Justin,
If the RPG is "fairly involved" as you said, you may be better served to set up a simple "server" job that listens on a request data queue, where each request sent includes the name of the response data queue to use to reply.
It is pretty easy to adapt almost any RPG process to run in batch as such as server job, waiting on a request data queue using the QRCVDTAQ API.
You can also "scale up" by increasing the number of identical copies of that server job running, to keep up with "demand" in case many threads may be all trying to make requests more or less simultaneously.
One really nice thing about this architecture is, the OS handles the queuing, such that the next available server job picks up the next waiting request from the incoming request data queue, automatically. The only thing you have to do is to ensure that you have started enough "server jobs" all waiting on the same request queue to keep up with demand.
Also, if you go that way, you can change your "web service" to also make its request via the same request data queue, and get back the results via its own results data queue(s), and that way, you have just one single shared code base to maintain, going forward.
Hope that helps,
Mark S. Waterbury
On Friday, March 6, 2020, 1:58:05 PM EST, Justin Taylor <justin@xxxxxxxxxxxxx> wrote:
Multiple JVM threads would be calling the same RPG procedure concurrently, which would cause a bottleneck since the RPG would be single-threaded.
The RPG code is already available as a webservice, it just seems silly for a native IBMi job to have to call a local webservice to run an RPG program. Que sera, sera!
Thanks guys :)
-----Original Message-----
From: Nathan Andelin [mailto:nandelin@xxxxxxxxx]
Sent: Friday, March 06, 2020 12:26 PM
To: RPG programming on IBM i <rpg400-l@xxxxxxxxxxxxxxxxxx>
Subject: Re: Java->RPG, *SERIALIZE required?
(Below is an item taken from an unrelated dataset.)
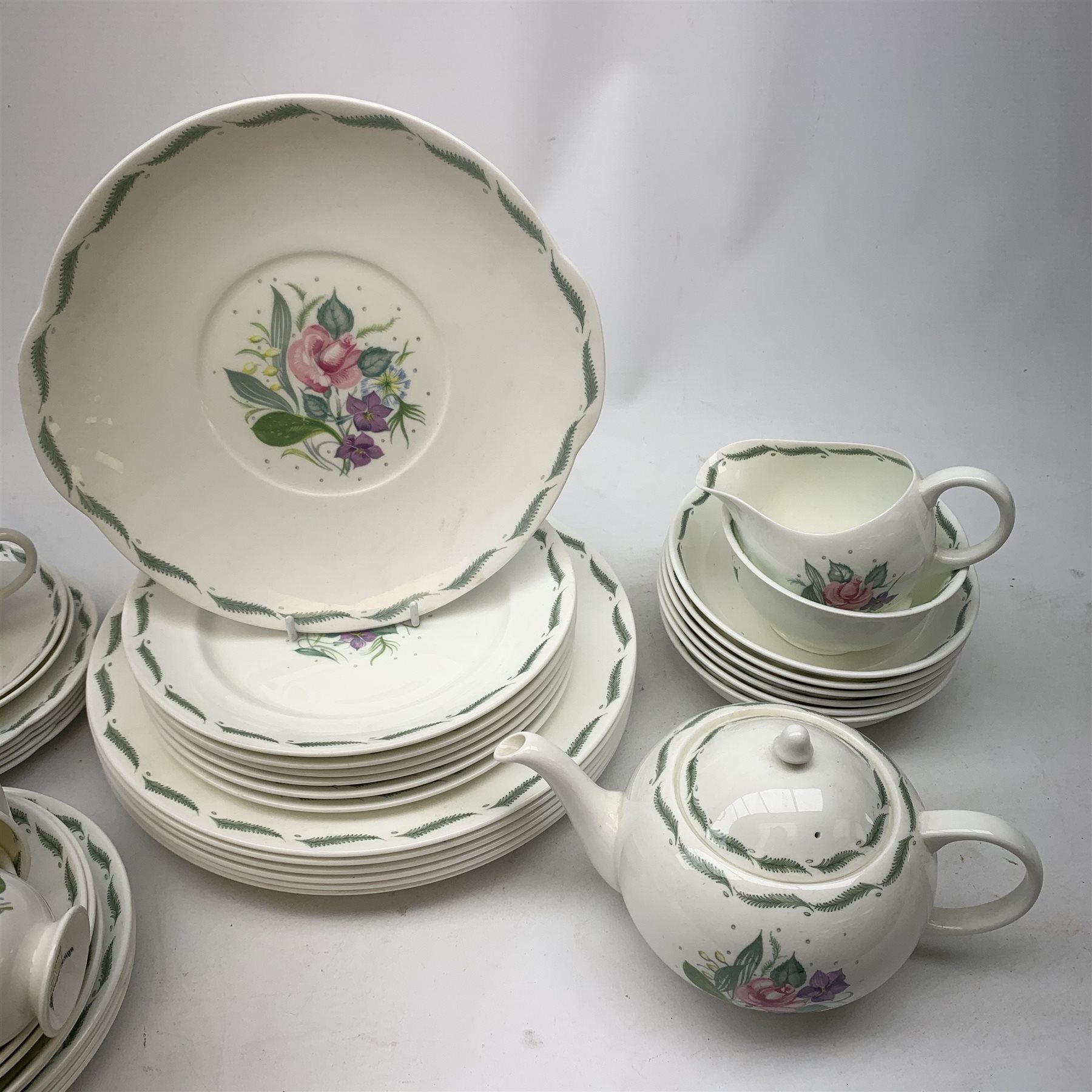 A Susie Cooper for Wedgwood Fragrance pattern tea service, comprising teapot, milk jug, open sucrier, fix teacups, five smaller teacups, five saucers, four further saucers, six side plates, five side plates with frilled rim, a slightly larger side plate, six dessert plates, six larger plates, six bowls, and a sandwich plate.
Because it's multi-threaded, and a single-threaded bottleneck would be
undesirable.
Now I'm curious about what you might be comparing thread(*serialize) to? I assume you understand that calling Java methods must also be serialized in muti-threaded Java processes. That's just normal practice within multi-threaded Jobs. The fact that RPG code might be single-threaded has nothing to do with it.
An alternative would be to communication between a pool of Java threads and a pool of RPG servers via data queues or some other form of inter-process communication.